KRONIKAL.ORG, KUTAI TIMUR — Kebakaran hebat yang melanda Desa Batu Timbau, Kecamatan Batu Ampar, menyisakan dampak serius. Sebanyak 109 kepala keluarga (KK) kehilangan tempat tinggal setelah puluhan rumah di tiga RT hangus dilalap api, Kamis (26/3/2026).
Api dilaporkan bermula dari salah satu rumah warga sebelum merembet cepat ke RT 01, 09, dan 10. Dalam waktu singkat, permukiman padat itu berubah menjadi puing.
Di tengah kondisi darurat, Wakil Ketua II DPRD Kutai Timur, Prayunita Utami, langsung turun tangan. Sehari setelah kejadian, ia mendistribusikan bantuan sembako ke posko pengungsian di Kecamatan Batu Ampar.
“Yang paling penting saat ini memastikan kebutuhan dasar warga terpenuhi, terutama makanan dan tempat tinggal sementara,” ujarnya, Minggu (29/3/2026).

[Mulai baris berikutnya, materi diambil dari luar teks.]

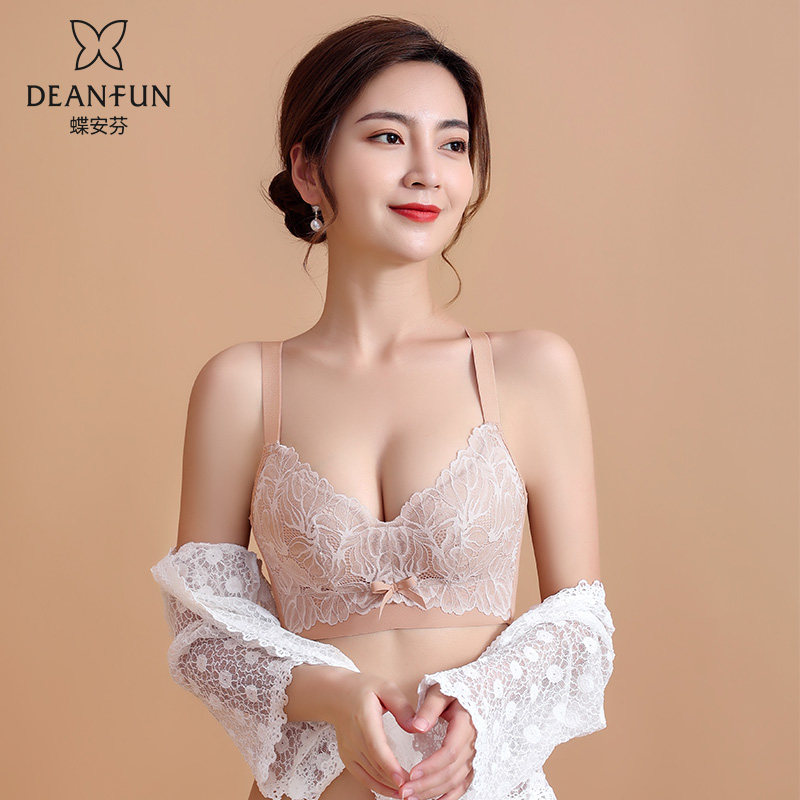 蝶安芬无钢圈文胸女夏季3/4罩杯V型调整舒适纯色蝴蝶结性感内衣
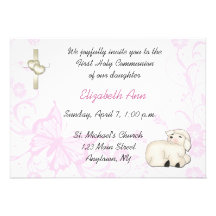 Invitación religiosa del rosa del cordero del bebé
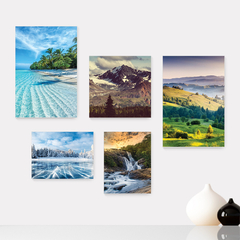 Kit 5 Placas Decorativas Paisagem Natureza Sala Quarto - 418ktpl5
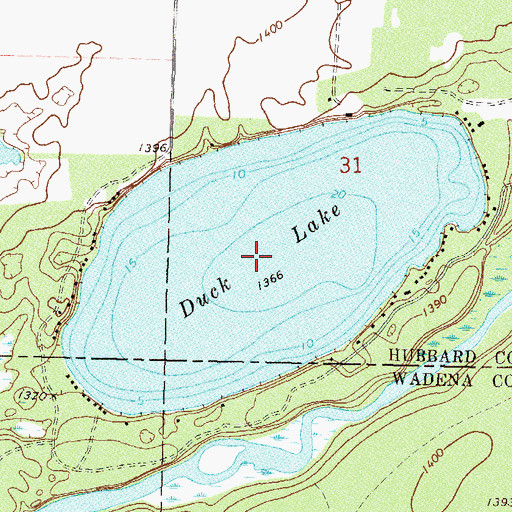 Topographic Map of Duck Lake, MN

Menurutnya, penanganan cepat menjadi kunci agar kondisi pengungsi tidak semakin memburuk. Ia memastikan bantuan yang disalurkan tepat sasaran dan menjangkau warga terdampak.
Selain bantuan logistik, Prayunita juga mendorong solidaritas warga sekitar. Ia mengimbau masyarakat yang tidak terdampak untuk membantu keluarga atau tetangga yang kehilangan rumah.

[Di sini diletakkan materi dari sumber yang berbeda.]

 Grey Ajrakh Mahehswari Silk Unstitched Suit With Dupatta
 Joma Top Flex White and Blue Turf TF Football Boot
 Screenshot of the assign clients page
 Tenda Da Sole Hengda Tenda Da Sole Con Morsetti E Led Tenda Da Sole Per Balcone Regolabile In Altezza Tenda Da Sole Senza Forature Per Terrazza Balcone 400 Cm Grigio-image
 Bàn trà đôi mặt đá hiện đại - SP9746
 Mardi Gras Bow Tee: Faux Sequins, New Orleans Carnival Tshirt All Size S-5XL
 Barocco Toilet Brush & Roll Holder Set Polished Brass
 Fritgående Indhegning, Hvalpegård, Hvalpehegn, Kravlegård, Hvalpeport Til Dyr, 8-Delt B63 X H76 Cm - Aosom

“Di situasi seperti ini, gotong royong sangat dibutuhkan. Jangan sampai ada warga yang kesulitan makan atau tidak punya tempat berlindung,” tegasnya.

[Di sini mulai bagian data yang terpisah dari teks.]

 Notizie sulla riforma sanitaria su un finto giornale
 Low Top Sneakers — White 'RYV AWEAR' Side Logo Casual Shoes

Ia juga mengaku telah berkoordinasi dengan sejumlah pihak terkait untuk memastikan proses pemulihan berjalan cepat, termasuk penanganan pascabencana agar tidak berlarut.
Hingga kini, warga terdampak masih bertahan di posko pengungsian sambil menunggu bantuan lanjutan dan kepastian langkah rehabilitasi.
“Kami akan terus memantau. Yang penting sekarang, semua kebutuhan dasar warga harus terpenuhi,” tutupnya.